■ Information shown
##############################

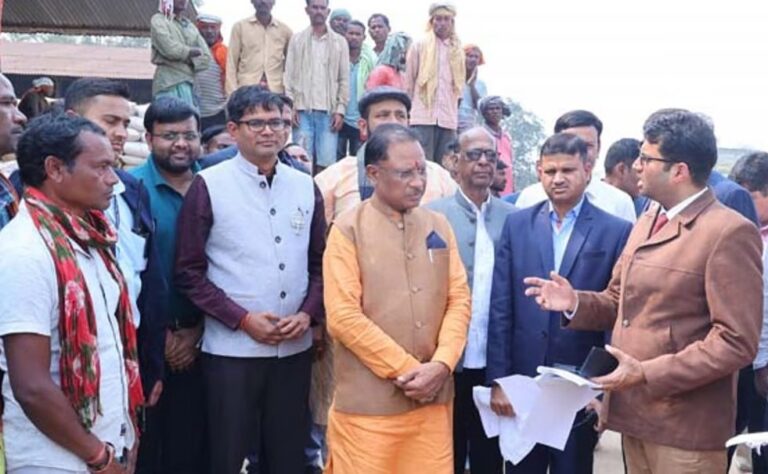 छत्तीसगढ़: CM विष्णुदेव साय ने धान खरीदी केंद्र का औचक निरीक्षण किया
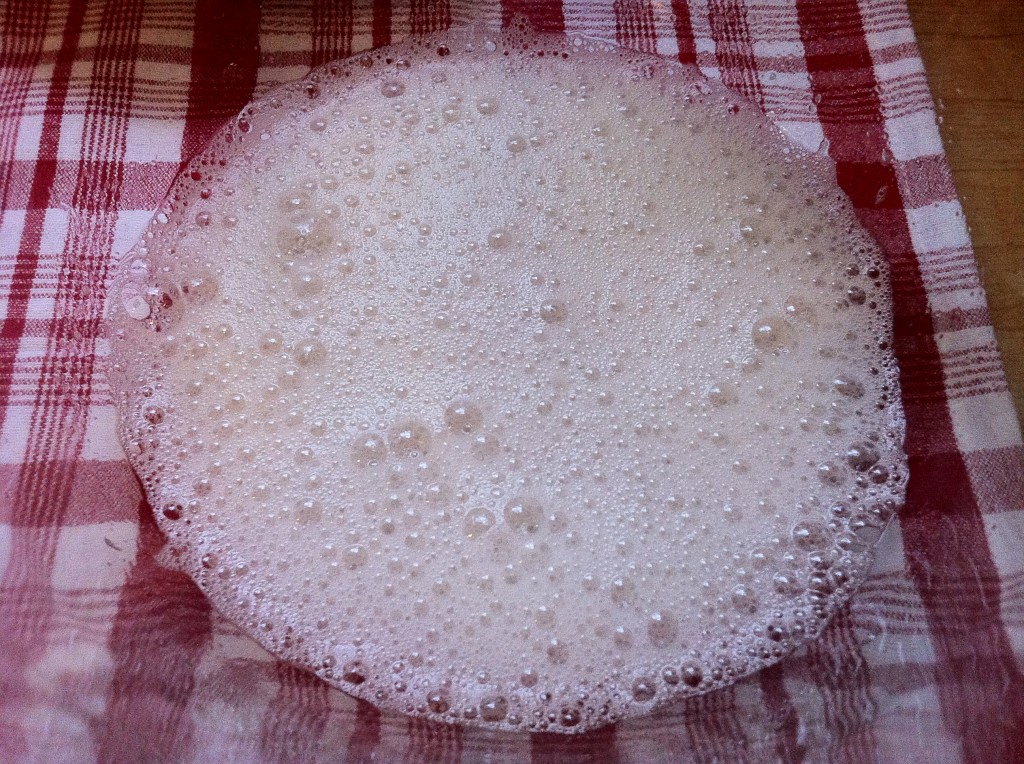 Almonds Foamy eggs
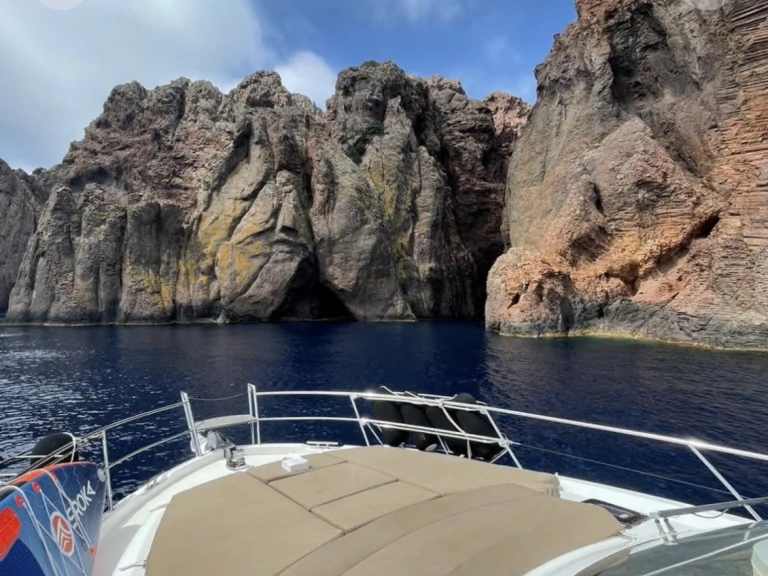 Luxury Yacht rental in Golfe-Juan - Bavaria Virtess 420 Fly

##############################

■ Your assignment
Give back all of the data exactly, but not the pictures.

■ Written solution
 छत्तीसगढ़: CM विष्णुदेव साय ने धान खरीदी केंद्र का औचक निरीक्षण किया
 Almonds Foamy eggs
 Luxury Yacht rental in Golfe-Juan - Bavaria Virtess 420 Fly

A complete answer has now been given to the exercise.